Architectural definition

This addresses the architectural aspects of the tomography software developments for the EBS.

Here we introduce the most important terms and concepts used throughout the document.

Data definitions

  • Raw data: detector readings → raw images or photon counts per energy channel coming out of the detectors
  • Parameters : information about the experiment that is needed to process the data (e.g. rotation angle of a certain image, area detector pixel-size, etc)
  • Data : set formed by the union of "raw data" and "parameters"
  • Metadata : the information about the experiment that is NOT needed to process the data (e.g. temperature of the sample → processing not equal to analysis/interpretation)

Processing definitions

  • Tomographic data processing: transformation of the raw data (detector readings) into volumes, representing one or multiple properties of the irradiated sample. The processing is divided into three macro blocks: pre-processing, reconstruction, and post-processing.
  • Pre-processing : transformation of raw data in projection data. The nature of the preprocessing is very technique dependent. For example, raw data treatment and filtering, which includes: denoising, some techniques for ring artefact corrections, rotation center finding, sample drift correction, phase retrieval, extracting material phases from diffraction patterns, elemental fitting of fluorescence spectra, etc.
  • Reconstruction : tomographic inversion of the projection data. This can be performed using various algorithms, including Filtered Back-Projection (FBP) and algebraic techniques. This last group includes: Maximum Likelihood Expectation Maximisation (MLEM), Simultaneous Iterative Reconstruction Technique (SIRT), Fast Iterative Shrinkage-Thresholding Algorithm (FISTA), and advanced solvers like Chambolle-Pock (CP), and Douglas-Ratchford (DR). Advanced iterative reconstruction algorithms (generic solvers) allow the use of various data fitting terms (modelling of the detection noise), and the addition of constraints to the reconstruction problem. The said constraints enforce prior knowledge about the reconstruction morphology. More recently, machine-learning (ML) based techniques have been gaining a lot of traction, and shown to be able to deliver significant improvements over previous approaches.
  • Post-processing : transformation of the final volumes, that can include two types of operations: filtering and volume manipulation. The former includes standard artefact removal techniques (e.g. ring artefact corrections), and novel methods based on ML. The latter includes: binning, cropping, rotation, stitching, and data-format conversion.
  • Regularization : while the exact definition is rather broad, we will refer here to it as the techniques and algorithms used to extract the desired information from the data. In particular, it gains importance when the data is incomplete or is affected by high levels of noise. ML and prior knowledge constraints are examples of technologies belonging to this field.

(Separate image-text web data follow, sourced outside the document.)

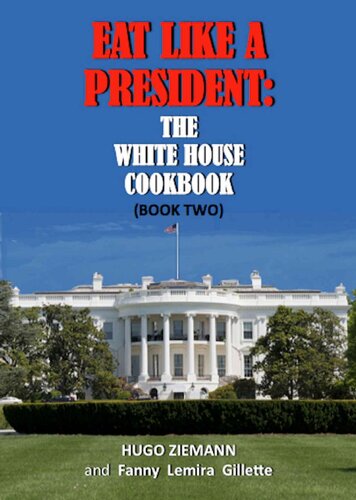 Eat Like a President: The White House Cookbook (Illustrated): Book Two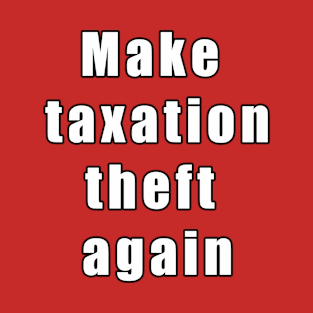 Make taxation theft again T-Shirt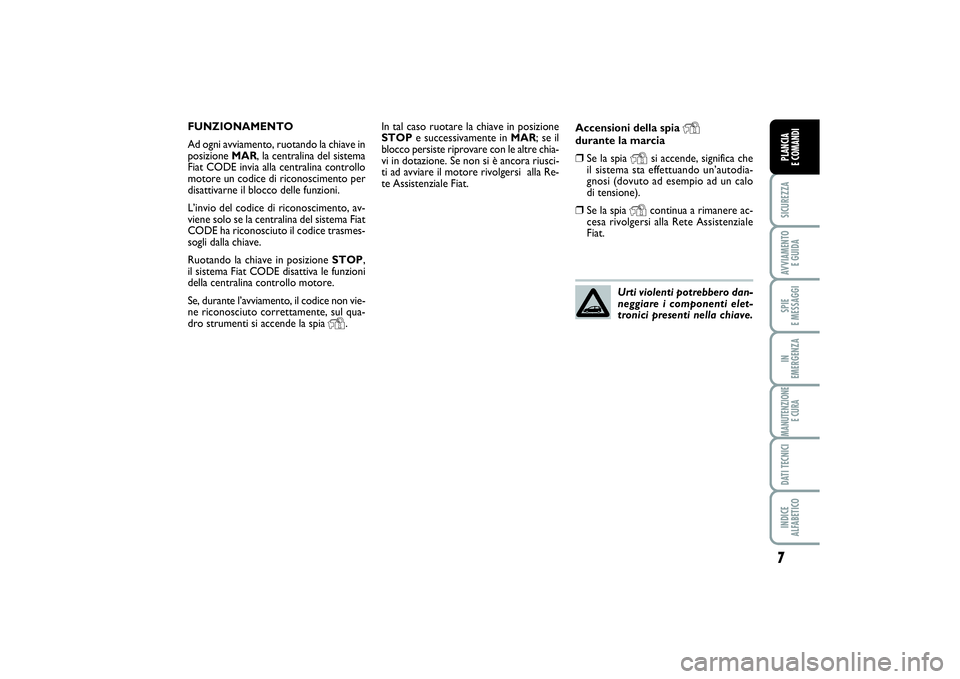 FIAT PUNTO 2014 Libretto Uso Manutenzione (in Italian) 7SICUREZZAAVVIAMENTO
E GUIDASPIE
E MESSAGGIIN
EMERGENZAMANUTENZIONE
E CURADATI TECNICIINDICE
ALFABETICOPLANCIA
E COMANDI
In tal caso ruotare la chiave in posizione
STOPe successivamente in MAR; s FIAT PUNTO 2014 Libretto Uso Manutenzione (in Italian) 7SICUREZZAAVVIAMENTO
E GUIDASPIE
E MESSAGGIIN
EMERGENZAMANUTENZIONE
E CURADATI TECNICIINDICE
ALFABETICOPLANCIA
E COMANDI
In tal caso ruotare la chiave in posizione
STOPe successivamente in MAR; s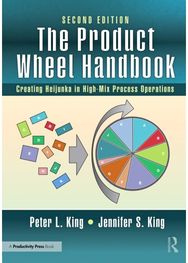 Product Wheel Handbook: Creating Heijunka in High-Mix Process Operations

Figure 1 summarizes all the main actors and aspects in the tomographic data processing.

Processing-general-pipeline
Fig.1. General scheme of tomographic data processing. The most important aspects, including the influence of the imaging contrast, or the role of regularization across different parts of the processing pipeline.

Technical definitions

  • Pipeline or workflow: definition of successive processing operations that turn raw data into reconstructed and filtered volumes. Each experimental technique requires a different pipeline. A software like TomWer (Tomography Workflows for ESRF) allows to define a pipeline, from building blocks. The same could be achieved with simple custom made scripts.
  • Framework : a suite of essential building blocks, which can be assembled to create a pipeline.
  • Workload distribution : act of distributing the workload of a certain processing block to a group of node or local resources (e.g. CPU cores or GPUs)
  • Stateful as opposed to stateless computation: the former indicates processing blocks that are aware of the processing context, while the latter "blindly" operates on the data. In a stateful computation paradigm, it is both possible to pass around processing contexts, and to keep track of the work done. This results in the ability to more efficiently use (and re-use) resources, and to allow resuming computation on interruption.
  • Waterfall development (WD): most common development practice that supposes a somewhat long period of incubation. During the incubation period, the developers research the topic, implement the code using stable interfaces, and test it, with extensive documentation. WD works well for long projects in established software companies that do not experience much competition in their product space, or for projects that outright privilege quality over features. WD is not appropriate for the development of cutting edge features in a much more dynamic and featurecompetitive environment. Notable software examples of WD use cases are: healthcare management software, operating systems, office suites, etc.
  • Agile development (AD): opposed to WD, it supposes a shorter release and development cycle (normally between 4 and 6 weeks), with a larger number of (smaller) iterations on the same development task. This allows to have better feedback from users/customers (and fine-tune the software for them) before stabilization, and the newest features available from an early stage. AD development is suitable for quickly evolving fields or feature-competitive environments. Notable software examples of AD use cases are: video players, browsers, social media apps, etc.